Image-text web data:
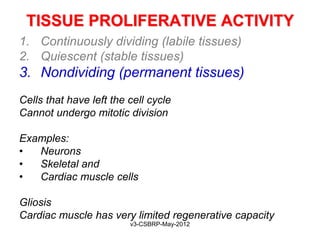 TISSUE PROLIFERATIVE ACTIVITY
1. Continuously dividing (labile tissues)
2. Quiescent (stable tissues)
3. Nondividing (permanent tissues)
Cells that have left the cell cycle
Cannot undergo mitotic division

Examples:
•  Neurons
•  Skeletal and
•  Cardiac muscle cells

Gliosis
Cardiac muscle has very limited regenerative capacity
                         v3-CSBRP-May-2012
 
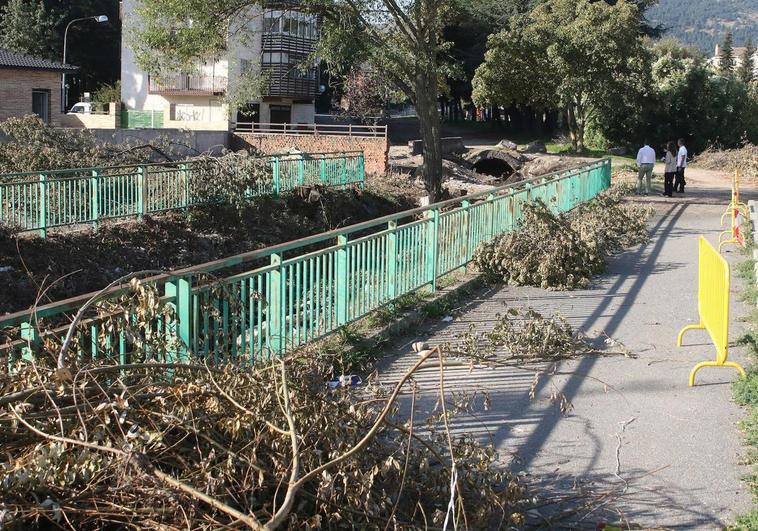 Restos de vegetación en las márgenes del arroyo del Boquerón, en El Espinar.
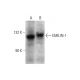 EMILIN-1 Antibody (C-6) - Western Blotting - Image 144661 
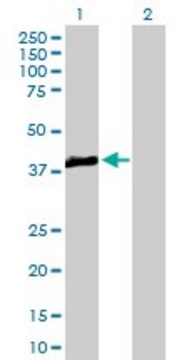 Anti-TRIB3 antibody produced in mouse purified immunoglobulin, buffered aqueous solution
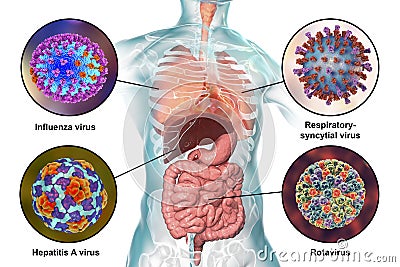 Human pathogenic viruses causing respiratory and enteric infections Cartoon Illustration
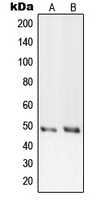 PRIM1 Antibody - Western blot analysis of PRIM1 expression in HeLa (A); Raw264.7 (B) whole cell lysates.
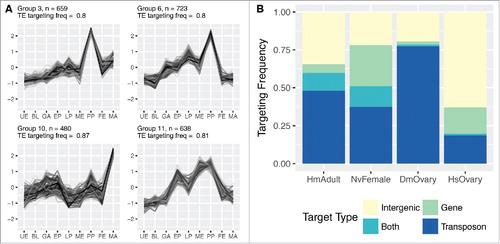 Figure 7. Targeting potential of Nematostella piRNAs. (A) Groups of Nematostella piRNAs significantly enriched for targeting TEs have distinct enrichment profiles during development. The number of associated piRNA loci contributing to the respective groups is depicted with an “n.” Group 3, group 6 and group 11 are characterized by enrichment of TE-targeting piRNAs in the primary polyp stage, with only group 10 reaching an average of more than 2-fold greater enrichment in the adult male stage. (B) Almost half of Nematostella piRNAs (45%) potentially target transposable elements. piRNA targets were classified into 4 classes: “intergenic regions,” “genes,” “transposons” and “both,” combining genes and transposons.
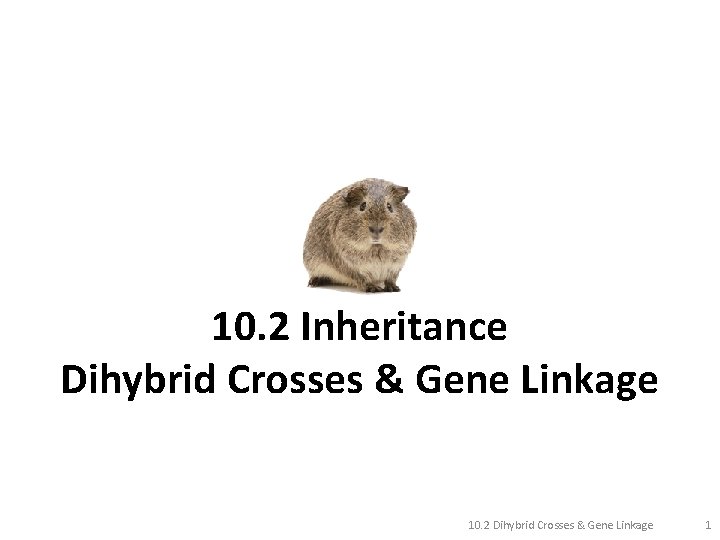 10. 2 Inheritance Dihybrid Crosses & Gene Linkage 10. 2 Dihybrid Crosses & Gene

Task instructions
From the first line above down to the line with "PRIM1 Antibody - Western", reproduce every line and no others, omitting pictures.

Your response
 TISSUE PROLIFERATIVE ACTIVITY
1. Continuously dividing (labile tissues)
2. Quiescent (stable tissues)
3. Nondividing (permanent tissues)
Cells that have left the cell cycle
Cannot undergo mitotic division

Examples:
•  Neurons
•  Skeletal and
•  Cardiac muscle cells

Gliosis
Cardiac muscle has very limited regenerative capacity
                         v3-CSBRP-May-2012
 
 Restos de vegetación en las márgenes del arroyo del Boquerón, en El Espinar.
 EMILIN-1 Antibody (C-6) - Western Blotting - Image 144661 
 Anti-TRIB3 antibody produced in mouse purified immunoglobulin, buffered aqueous solution
 Human pathogenic viruses causing respiratory and enteric infections Cartoon Illustration
 PRIM1 Antibody - Western blot analysis of PRIM1 expression in HeLa (A); Raw264.7 (B) whole cell lysates.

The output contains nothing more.